Why do ancient cities end up so far underground?

Apparently the streets of the Old City of Jerusalem from the time of Jesus are now about 12 feet underground. There are excavated walls in Jerusalem from about 1000BC which are even deeper than that, and I’ve heard the same thing about the streets of London. Why are they so far underground? I get that you might have a bit of debris pile up, and that people might build new roads on top of older roads and so on, but 12-15 feet? In cities that have been consistently inhabited throughout that time? How does that happen?

Cecil’s tackled this one, long ago, with a focus on archaeology: How come archaeological ruins are always underground? - The Straight Dope

One word: Tell.

Of course, if an ancient city is built somewhere that’s eroded away, it’s lost and archaeologists can never find it by digging.
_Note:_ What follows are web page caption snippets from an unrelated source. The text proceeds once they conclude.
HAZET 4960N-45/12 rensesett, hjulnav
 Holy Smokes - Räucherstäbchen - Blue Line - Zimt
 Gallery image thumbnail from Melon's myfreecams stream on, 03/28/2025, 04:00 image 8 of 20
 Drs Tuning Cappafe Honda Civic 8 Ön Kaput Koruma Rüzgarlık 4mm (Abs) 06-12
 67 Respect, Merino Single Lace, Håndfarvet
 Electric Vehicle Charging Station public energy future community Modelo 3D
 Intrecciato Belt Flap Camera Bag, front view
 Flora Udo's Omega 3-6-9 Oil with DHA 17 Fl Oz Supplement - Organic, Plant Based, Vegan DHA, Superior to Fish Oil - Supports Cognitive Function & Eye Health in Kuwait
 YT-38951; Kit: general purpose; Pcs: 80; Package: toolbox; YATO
So ancient cities might be still at the surface (and still obvious), buried (and thus discovered by digging) or simply eroded (and lost forever).

The links provided explain why cities tend to deposit layers of material over time, and people don’t settle in areas of high erosion if they can help it, but through all of history there must be more than a few cities that have eroded away.

Often you get deliberate fill.

For example, one of the archeological sites that my mother’s cousin worked dug at has a layer known as the Roman fill layer. In this case, rather than removing all of the fallen debris after an earthquake, the then owners of the area filled the site with several feet of dirt and garbage (broken pottery, etc) and built on top of that.

It’s not that the older cities sink, it’s that the newer ones rise on top of them.

Not sure that will be true of cities in the future, though.

One way to think of it - they don’t all end up underground, plenty end up at ground level or floating up in the air. But these latter two destinations also mean the ancient things get erased or otherwise disappear.

This doesn’t apply to all cities, but many ancient cities were founded next to rivers and other water sources. Water rolls downhill, and thus the oldest cities are build at the bottom of a hill, in a depression, or in a large valley. That makes it easier for erosion, earthquakes, and fires to bury it over time.

An exercise: leave some stuff outside for a year or two. Don’t move it or clean it. Continue to use the area as before. Depending on where you live, it is probably covered in leaves, dust and crud by now.

Imagine that process for 2000 years.